As the Senate deliberates on the proposed Bangsamoro Basic Law, Senator Loren Legarda on Friday urged government to resume peace negotiations with the National Democratic Front of the Philippines (NDFP). “We need to pursue peace that is inclusive in order for it to be just and lasting. The government should initiate the resumption of peace negotiations with the NDFP for the sake of the millions of Filipinos who will benefit from a peaceful and progressive nation,” Legarda said.
According to the Philippine Peace Center, the peace talks between the Philippine government and the NDFP are in a state of suspension.
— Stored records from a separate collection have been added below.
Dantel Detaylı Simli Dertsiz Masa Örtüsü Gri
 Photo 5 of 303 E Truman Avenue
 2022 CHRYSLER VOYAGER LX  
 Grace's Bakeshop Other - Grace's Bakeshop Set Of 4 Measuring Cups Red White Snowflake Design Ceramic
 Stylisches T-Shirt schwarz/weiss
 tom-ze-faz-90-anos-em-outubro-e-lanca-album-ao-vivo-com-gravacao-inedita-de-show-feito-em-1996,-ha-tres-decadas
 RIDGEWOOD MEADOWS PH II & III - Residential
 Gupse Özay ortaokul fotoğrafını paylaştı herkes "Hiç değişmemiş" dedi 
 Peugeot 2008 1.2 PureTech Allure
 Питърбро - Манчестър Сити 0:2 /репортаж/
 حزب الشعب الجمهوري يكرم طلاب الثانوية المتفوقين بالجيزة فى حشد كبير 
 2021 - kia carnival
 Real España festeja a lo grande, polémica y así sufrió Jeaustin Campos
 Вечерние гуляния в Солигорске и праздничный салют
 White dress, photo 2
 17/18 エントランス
The two negotiating panels have not sat together for formal talks since February 2011.
Moreover, the formal talks to resume discussions on Social and Economic Reforms scheduled for June 2011 did not materialize.
Legarda said subsequent efforts to break the impasse through informal talks between the two parties and discuss an NDFP proposal for truce and alliance began in late 2011 but likewise collapsed in February 2013.
“One may not necessarily agree with the NDFP’s alternative vision of Philippine society, but no one can doubt the integrity of their patriotism or the depth of their commitment to help bring about a more just and a more humane society. That is why we want the government and the NDFP to iron out their differences and address the root causes of the armed conflict,” Legarda said.
She said the subject of the negotiations were concerns affecting Filipinos such as poverty, lack of employment and livelihood opportunities, underemployment, lack of access to housing services, affordable health care, education and other social services, corruption, impunity in human rights violations, environmental degradation, among many others.
“The Philippine Government and the NDFP should resume peace talks to come up with an agreement that is agreeable to both parties and beneficial to the Filipino people. Our people have a huge stake in the peace negotiations, the success of which is a step towards a brighter future for generations to come, “ Legarda said.